私の日々の楽しみのひとつ、通勤電車の中で読んだ文庫本の中で面白かった本の感想です。
今回は『額装師の祈り 奥野夏樹のデザインノート』です。
『額装師の祈り 奥野夏樹のデザインノート』 谷瑞恵/著 新潮文庫額装師の夏樹さんが様々な依頼に出会いながら心の傷を癒していく単行本『額を紡ぐひと』の文庫本です。
目次は
1 宿り木
2 小鳥鳴く
3 毛糸の繭まゆ
4 水底みなぞこの風景
5 流星を銀器に入れて
宿り木の枝、いなくなってしまった小鳥の声、古い毛糸玉に川の底から見た水の絵、
そしてカレーポット。
何でも額装してしまう夏樹さんのもとには不思議な物の依頼が舞い込んできます。
どれも、依頼人にとっては額装して大切に保管して置きたい宝物です。
引き受ける夏樹さんも困難な依頼を受け止めながら、彼らの気持ちに沿って額を作っていきます。
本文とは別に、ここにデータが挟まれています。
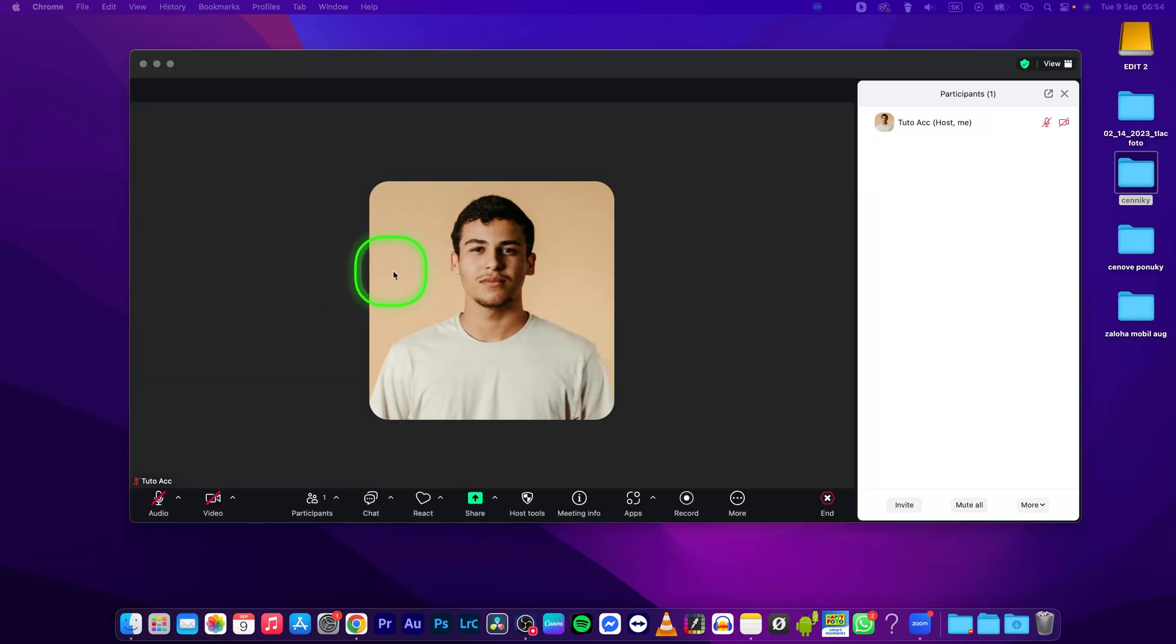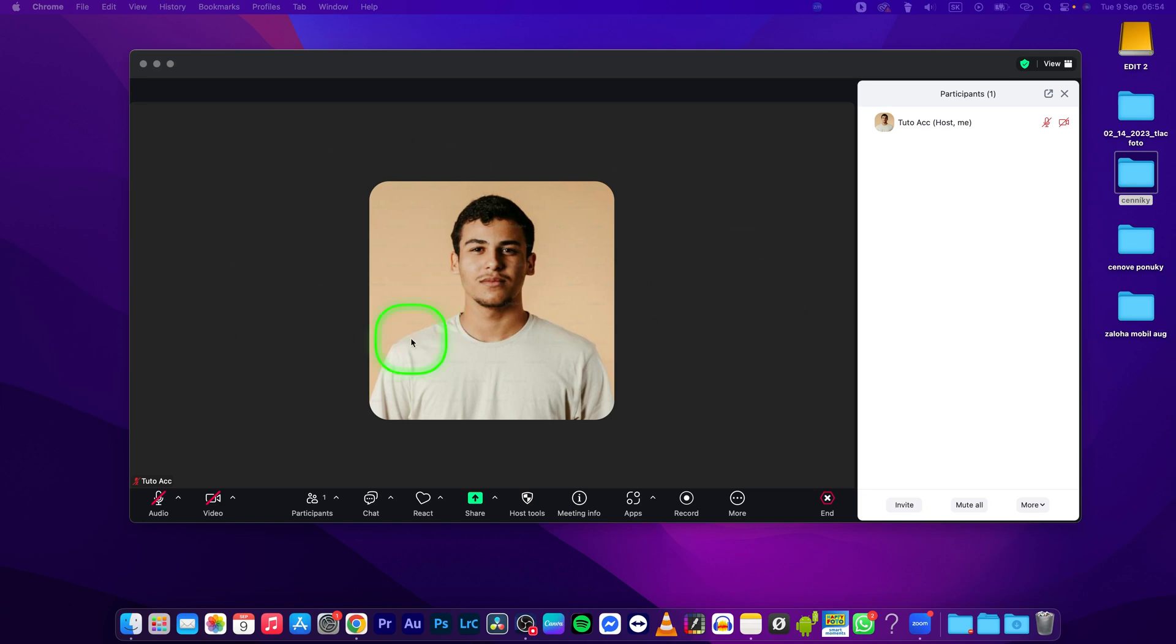Hey guys, my name is Elijah and in this tutorial I will show you how to change screen name or how to change display name on Zoom. So this is very simple.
その額には依頼人の心の奥底にある本当の気持ちが映し出されていきます。
そして、出来上がった額はどれもが依頼人の心を癒す素晴らしい作品になっていました。
私はたまに美術展へ行くことがありますけど、絵には注目しても額はあまり気にしていませんでした。
時には豪華な額に出会うと苦手だなと思ったりすることも…
でも、この物語に出会ってちょっと反省しました。
今度、洋画を観ることがあったら、額もちゃんと記憶にとどめておこうと思った1冊です。